▶ _Assigned task_
Please restate each line of the data below exactly. Omit all images.

▶ _Exercise data_
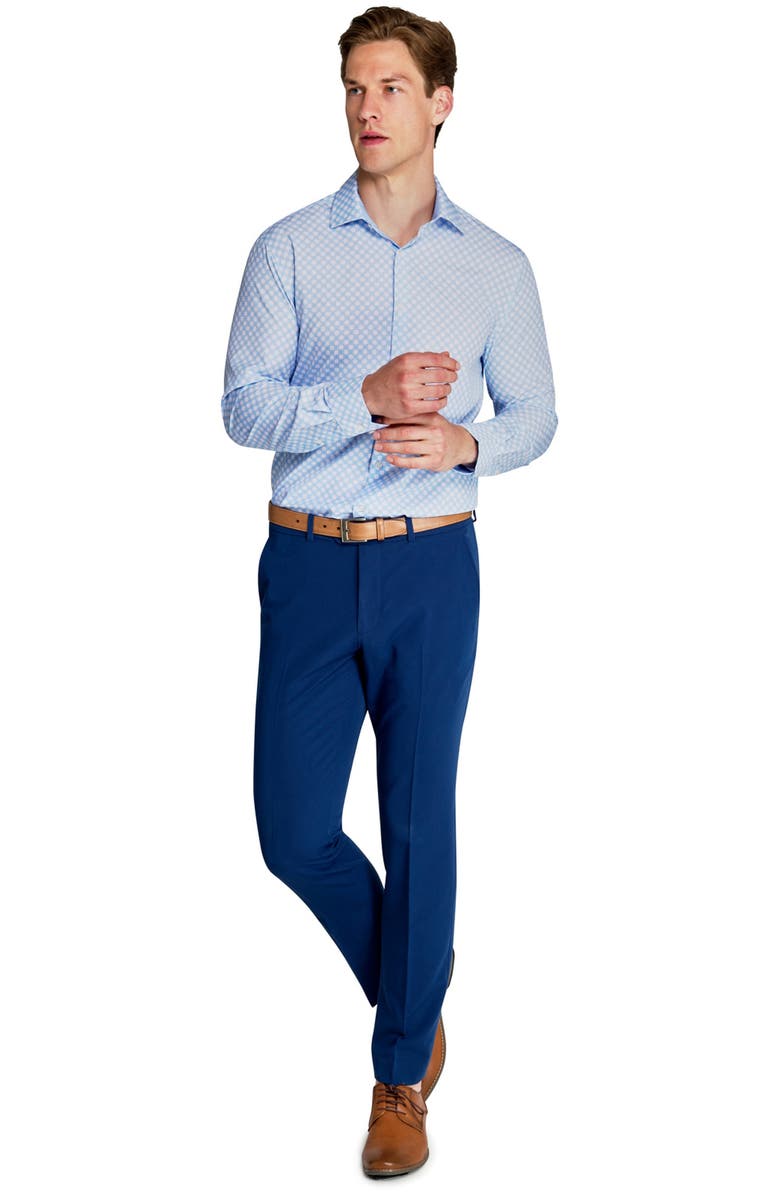 W.R.K Slim Fit Checker Print Performance Dress Shirt, Alternate, color, White/ Blue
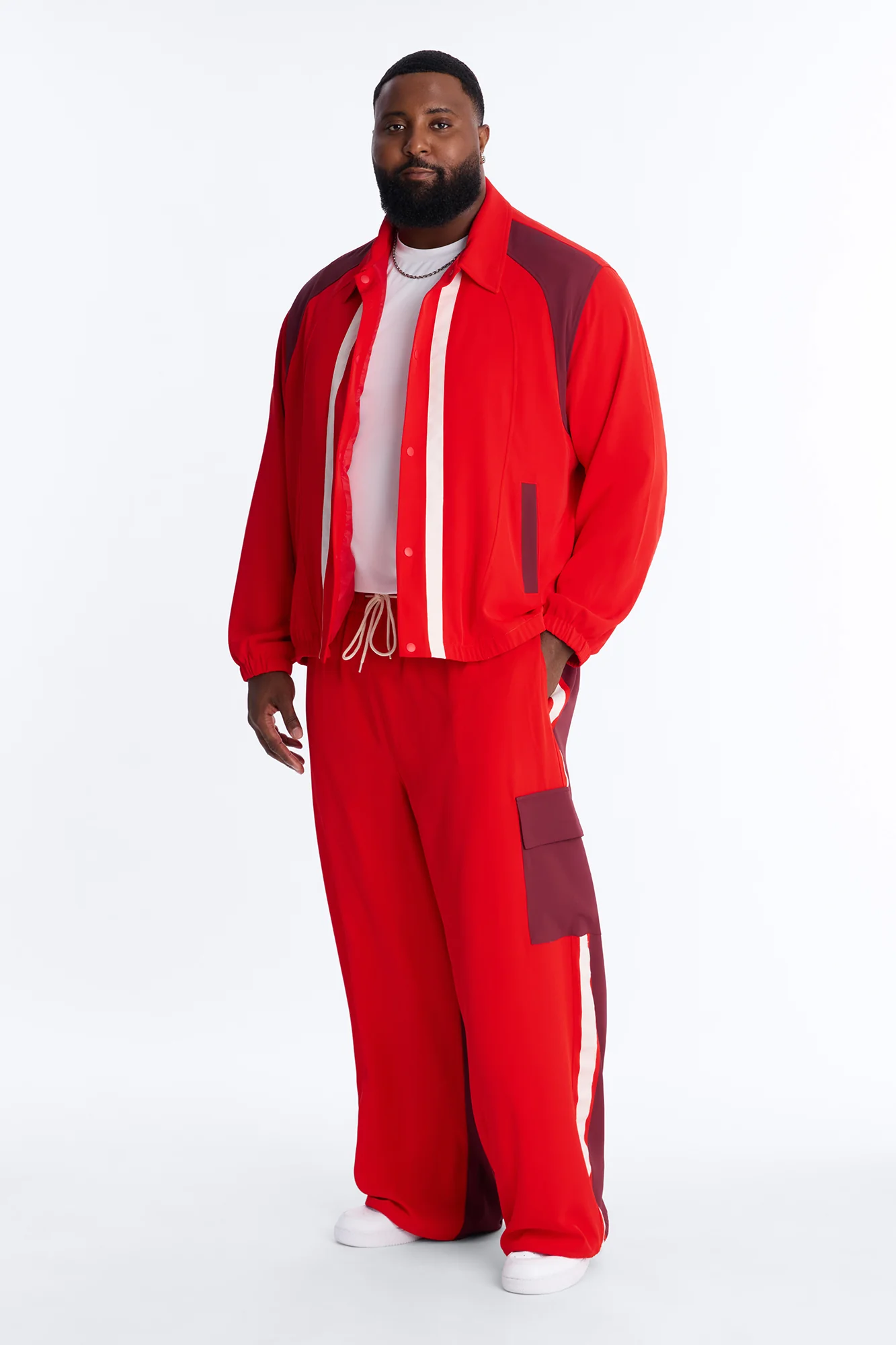 Relaxed Manchester Colorblock Coach Jacket - Red - Image 5
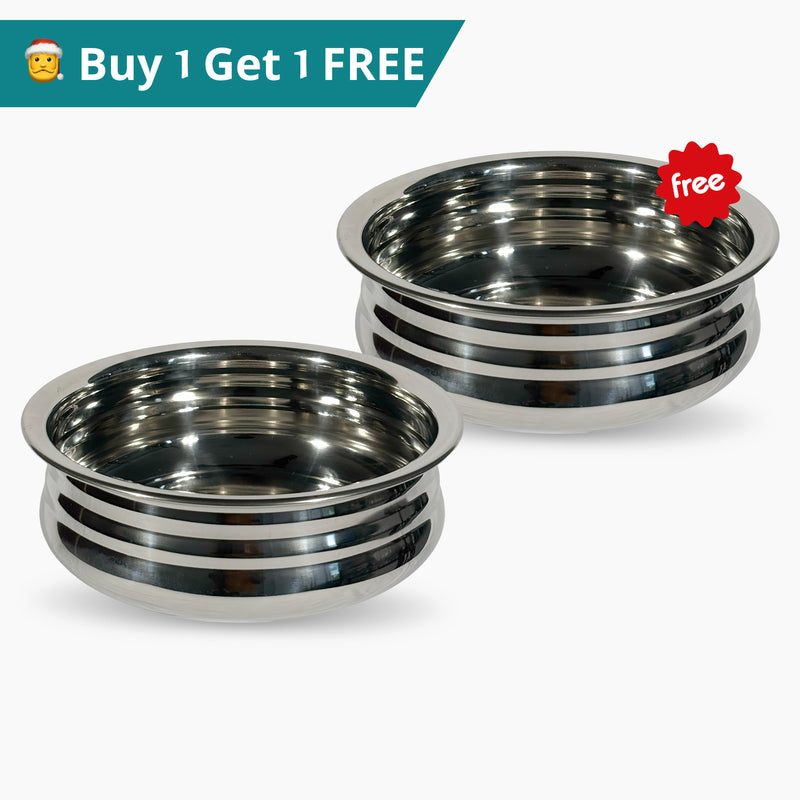 Stainless Steel Uruli 6 L Free 2 L Uruli (approx.)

▶ _Result of this exercise_
 W.R.K Slim Fit Checker Print Performance Dress Shirt, Alternate, color, White/ Blue
 Relaxed Manchester Colorblock Coach Jacket - Red - Image 5
 Stainless Steel Uruli 6 L Free 2 L Uruli (approx.)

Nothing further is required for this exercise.